George Weigel is author of the bestselling book The Courage to Be Catholic: Crisis, Reform, and the Future of the Church, plus many others. This column is reprinted courtesy of the Denver Catholic Register.
In recognition of these accomplishments, Archbishop Martino was appointed president of the Pontifical Council for Justice and Peace last year, on the death of the gentle Vietnamese martyr-confessor, Cardinal Francis Xavier Nguyen Van Thuan.
In the months prior to the current military intervention to enforce disarmament in Iraq, Archbishop Martino was a vocal proponent of a diplomatic solution to the conflict. That was surely his prerogative, and indeed his responsibility although some will wonder whether his pre-war description of any possible military intervention as a “crime against peace that would cry out for God’s vengeance” was not over-the-top rhetorically (not least because it came almost simultaneously with reports that Osama bin Laden had issued a fatwa urging the revenge-murder of Americans all over the world).
In late March, however, Archbishop Martino’s comments on a possible intervention in Iraq moved beyond the prudential and engaged questions of doctrine. Indeed, the archbishop seemed to repeal fifteen hundred years of settled Catholic teaching with a single adverb. Here is the exchange, from the March 23-29 issue of the National Catholic Register:
Question: “Are you suggesting there is no such thing as a just war anymore?”
Archbishop Martino: “Absolutely. I think with modern weaponry, there is no proportionality between the offense and the reply. It makes much more damage. War is so destructive now. It is not just a fight between one person and another.”
The president of the Pontifical Council for Justice and Peace is not the voice of the Church’s magisterium on matters of doctrine. Knowledgeable Vatican observers may wonder whether it is altogether appropriate for the president of Justice and Peace to take such a high-profile role in commenting on matters of international politics; articulating the Holy See’s position on these questions would seem to be the responsibility of the Vatican’s “foreign minister,” or Secretary for Relation with States. But many, indeed most, people are quite unaware of the nuances of the Vatican bureaucracy, and of the difference between the prudential judgments of Vatican officials and the teaching authority of the Catholic Church.
Which is to say that many people, reading that interview with Archbishop Martino, drew the conclusion, not unreasonably, that the Catholic Church no longer believed a just war possible.
That is not the teaching of the Catholic Church. It is the personal opinion of Archbishop Martino. And, in all charity, it seems an opinion uninfluenced by pertinent facts.

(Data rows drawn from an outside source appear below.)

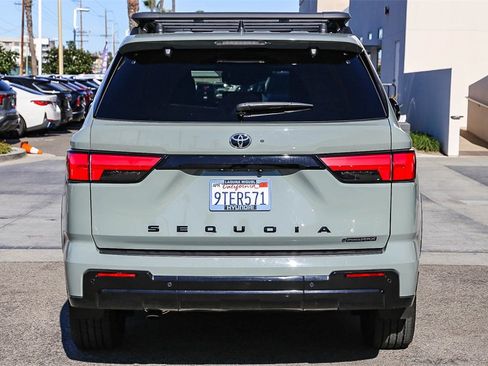 Used 2025 Toyota Sequoia Platinum image 6
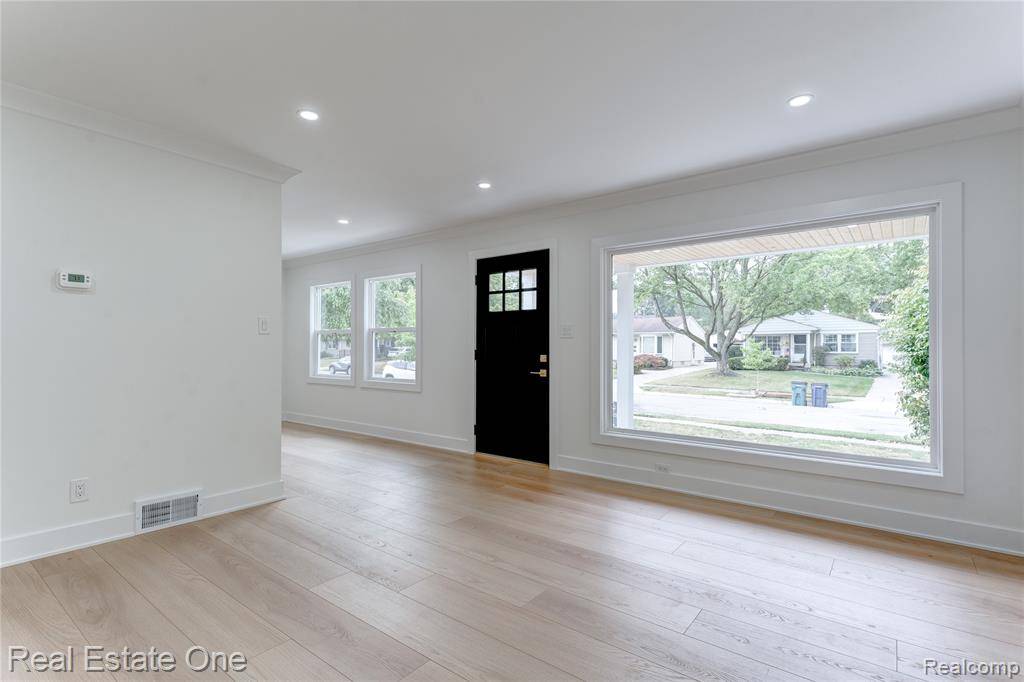 Royal Oak, MI 48073,4702 Thorncroft Avenue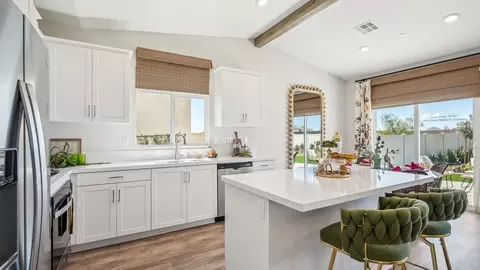Kitchen - 31053 Willow Oak Dr, Winchester, CA 92596 photo 1 of 3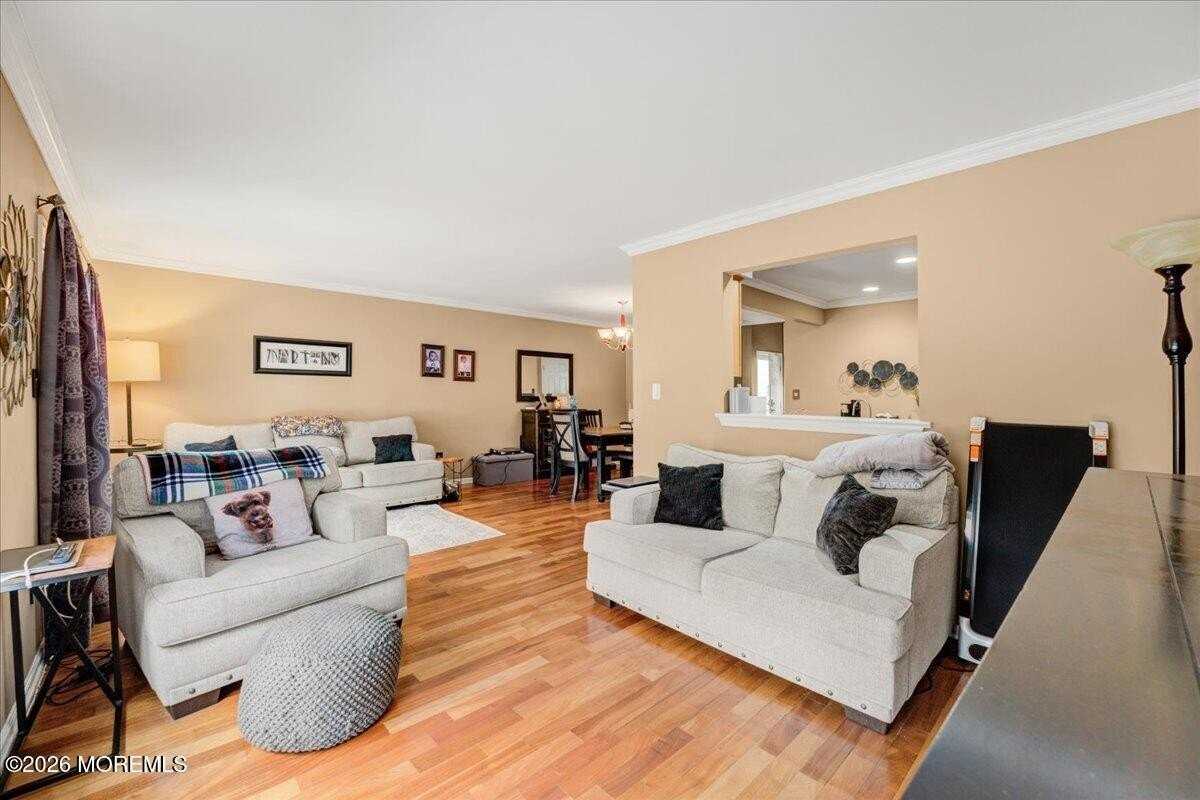 1143 Roseberry Ct - Photo 6 of 21
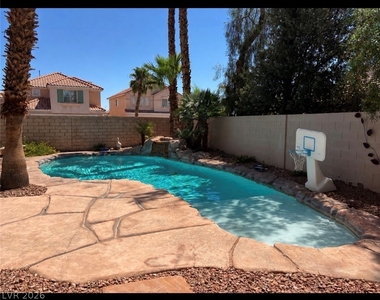 7815 Windward Road - Photo Thumbnail 9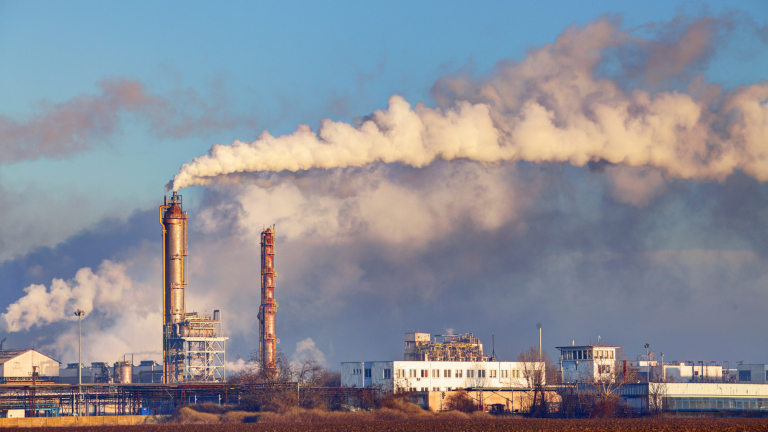 Рязък спад на CO₂ емисиите в България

The fact of the matter vividly displayed in the 24/7 television coverage of the war against Saddam Hussein’s regime is that precision guided munitions (“smart bombs”) make it far, far easier to observe the just war-conduct principles of proportionality (no more force than necessary to achieve a legitimate military objective) and discrimination (non-combatant immunity) than in the past. War can be less destructive, and force more precisely focused on legitimate targets and combatants, because of modern technology.

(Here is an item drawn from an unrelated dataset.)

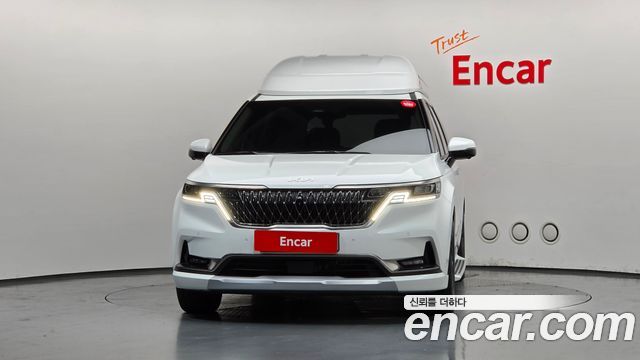 Kia Carnival Gasoline 7-Seater Hi-Limousine Signature — пробег 8 962 км — фото 3 из 5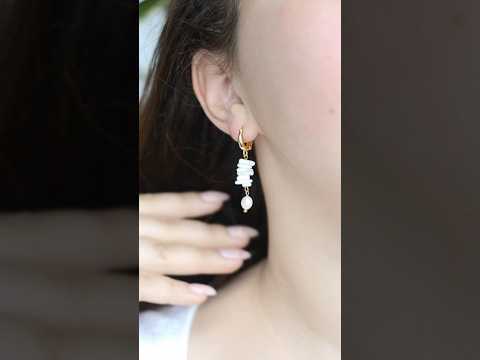 Сережки натуральний Корал білий і Перли, гіп-ний сплав колір золото d-8х6мм+- L-42мм, видео 1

Moreover, war, as the just war tradition understands it, has never been “a fight between one person and another.” “War,” in the just war tradition, is the use of armed force for public goods by legitimate public authorities. That is what distinguishes war from piracy, brigandage, dueling, or just plain wickedness. Surely this is obvious to those familiar with the tradition.
Then there is the pastoral implication of the archbishop’s statement that a just war today is “absolutely” precluded: which is that the men and women of the armed forces are, de facto, in peril of their souls. That is certainly not the teaching of the Catholic Church, and it almost certainly isn’t what Archbishop Martino, a pastorally sensitive man, intended to imply. But it is precisely what is suggested by his use of “absolutely.”
Noble intentions notwithstanding, something is seriously awry here. It must be repaired, promptly, to safeguard the integrity of the Church’s doctrine, its theology, and its moral witness for peace.